▶ **WHAT THE EXERCISE ASKS**:
Output, exactly as written, the lines below from the one that has "new 2025 Honda Pilot car, priced at $49,505" through the one that has "Volkswagen Passat B8"; nothing else, and no pictures.

▶ **DATA FOR REVIEW**:
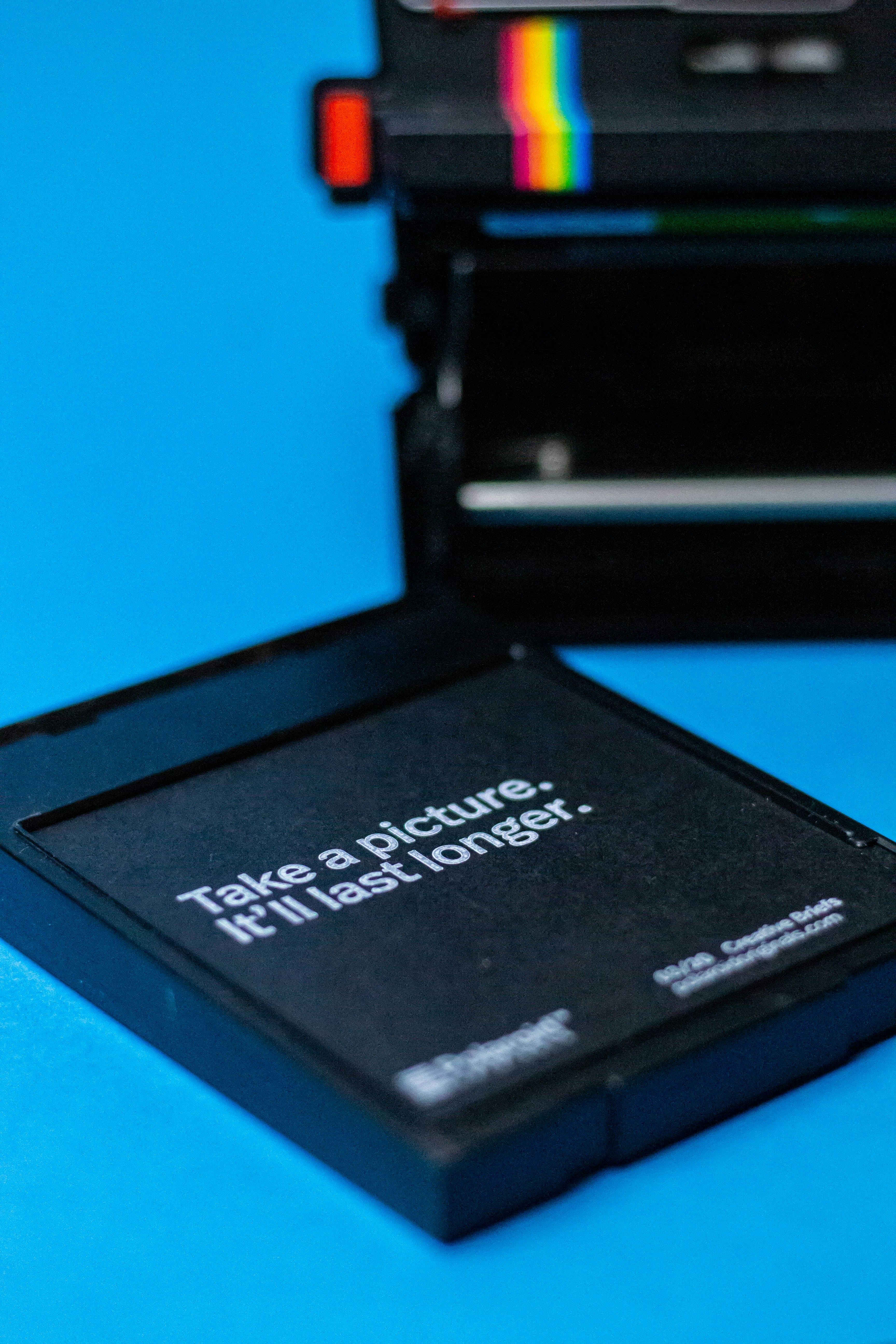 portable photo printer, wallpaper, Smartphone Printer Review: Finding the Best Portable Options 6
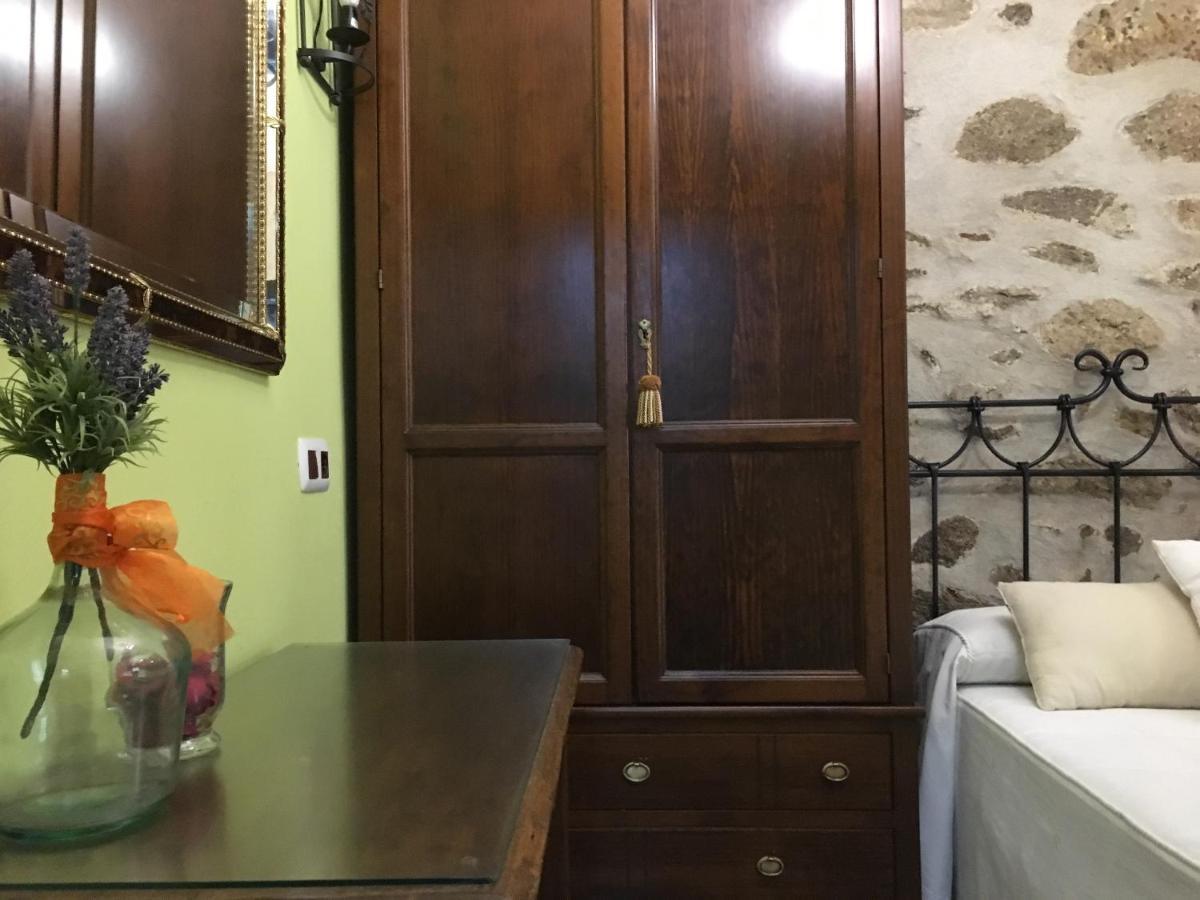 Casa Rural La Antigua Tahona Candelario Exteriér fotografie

...

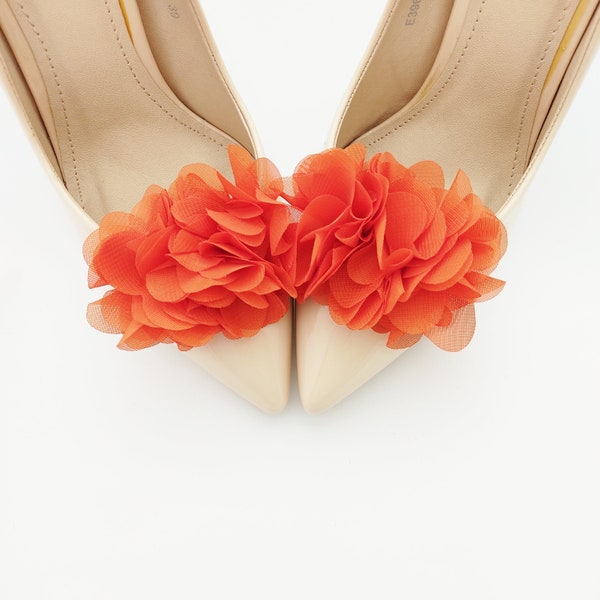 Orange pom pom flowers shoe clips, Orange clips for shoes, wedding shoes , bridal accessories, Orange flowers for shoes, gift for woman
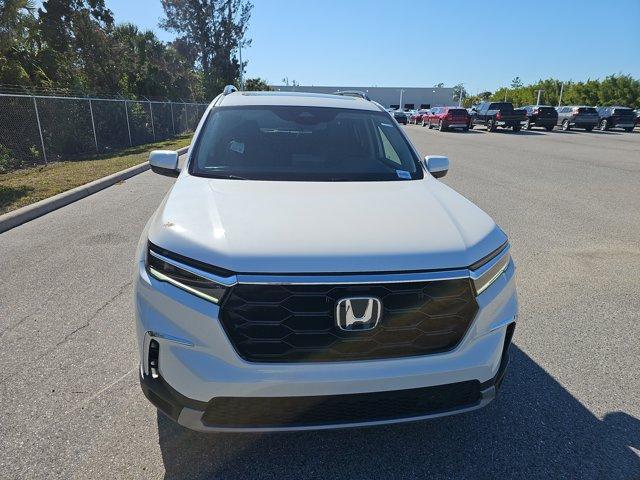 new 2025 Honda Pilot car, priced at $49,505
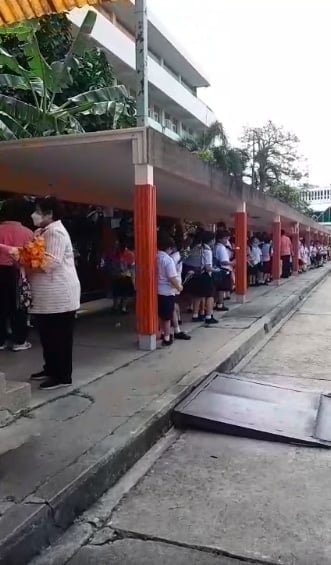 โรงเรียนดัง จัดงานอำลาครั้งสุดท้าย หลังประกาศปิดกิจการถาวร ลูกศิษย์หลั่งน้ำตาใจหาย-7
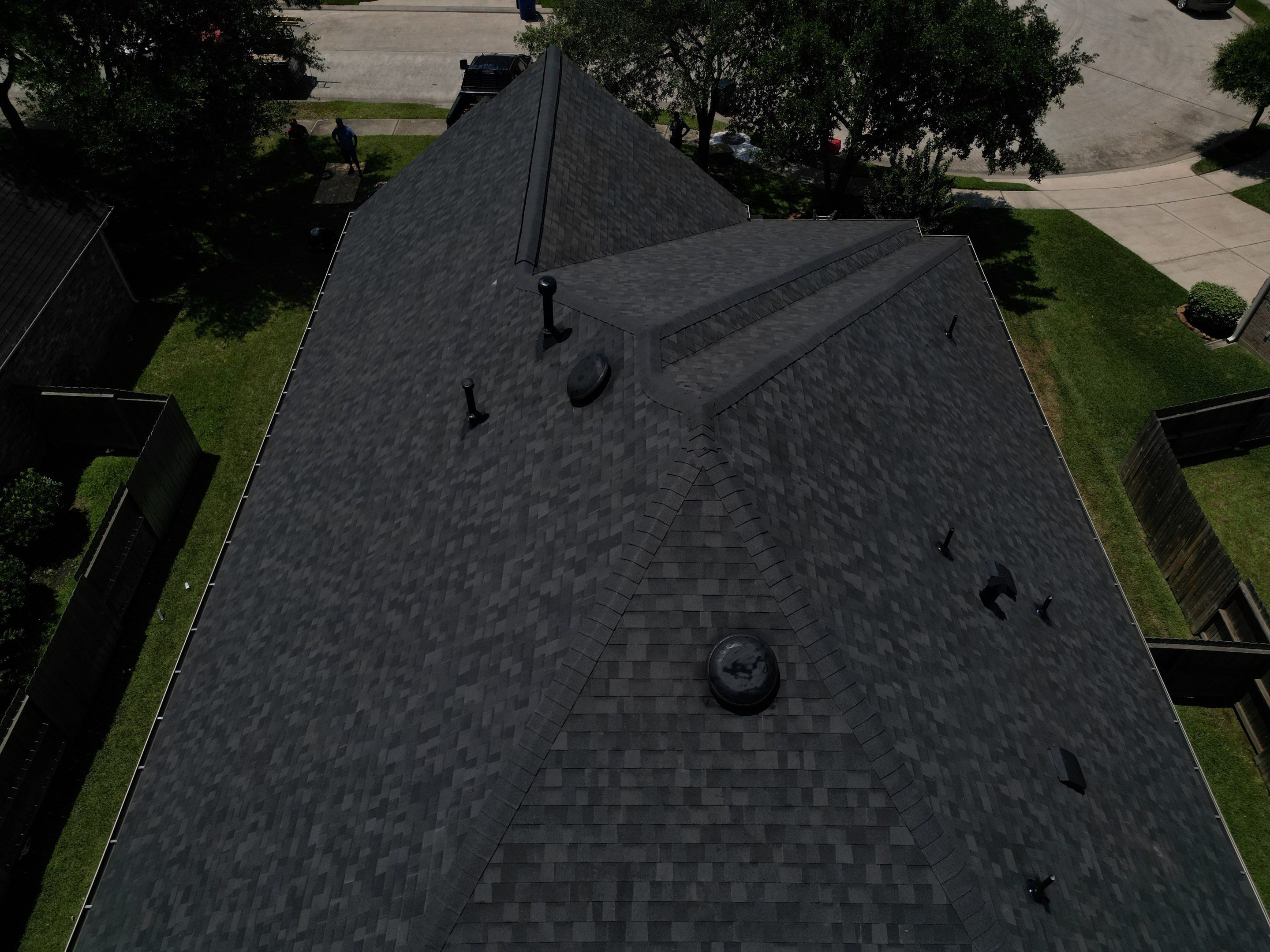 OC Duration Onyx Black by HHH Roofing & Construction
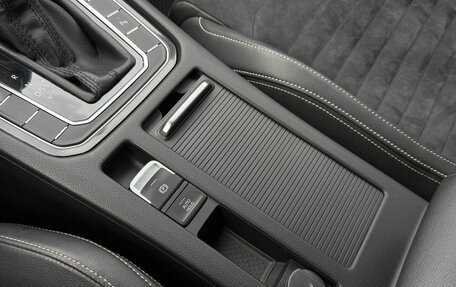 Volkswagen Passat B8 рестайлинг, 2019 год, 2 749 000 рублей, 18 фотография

--

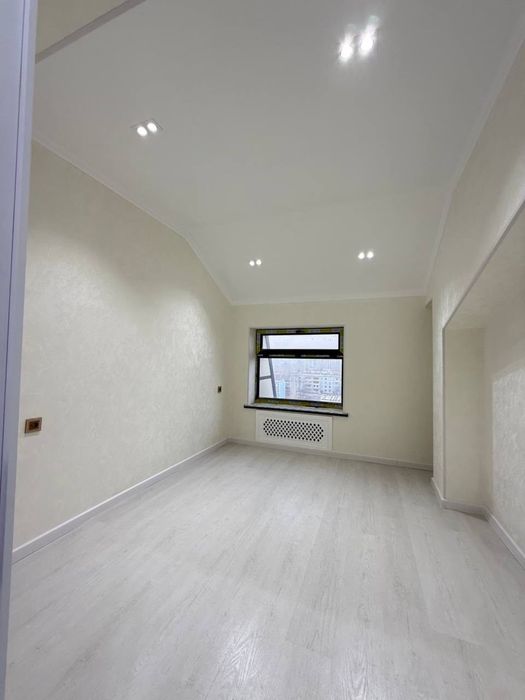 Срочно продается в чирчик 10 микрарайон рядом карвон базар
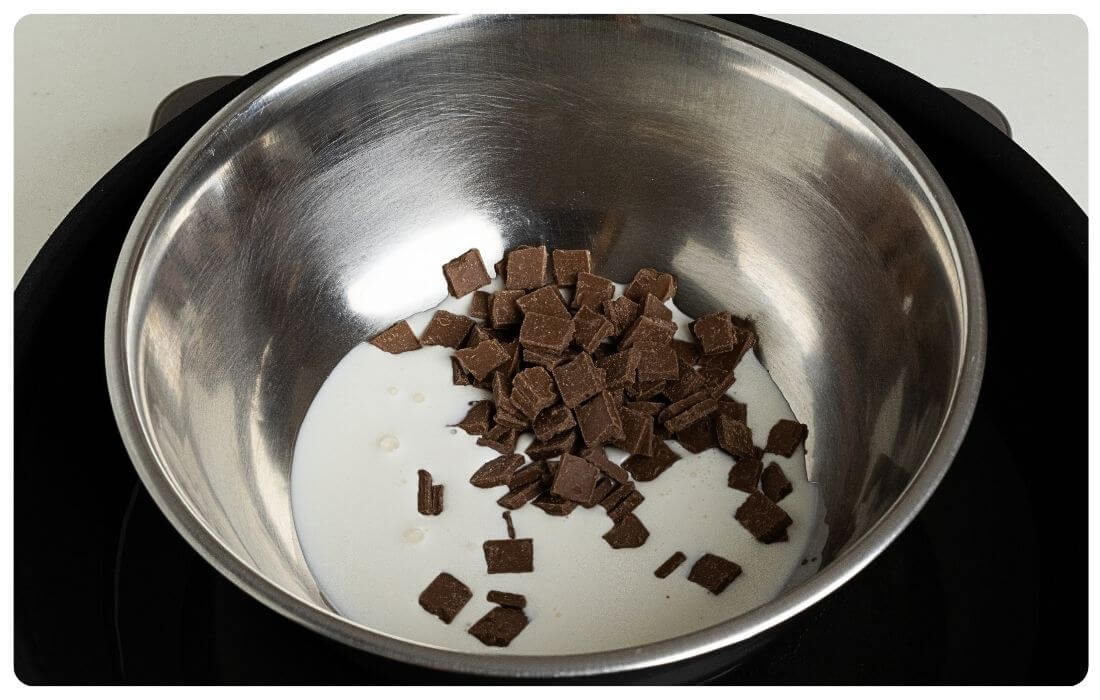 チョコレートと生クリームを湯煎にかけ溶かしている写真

▶ **EXERCISE RESPONSE**:
 new 2025 Honda Pilot car, priced at $49,505
 โรงเรียนดัง จัดงานอำลาครั้งสุดท้าย หลังประกาศปิดกิจการถาวร ลูกศิษย์หลั่งน้ำตาใจหาย-7
 OC Duration Onyx Black by HHH Roofing & Construction
 Volkswagen Passat B8 рестайлинг, 2019 год, 2 749 000 рублей, 18 фотография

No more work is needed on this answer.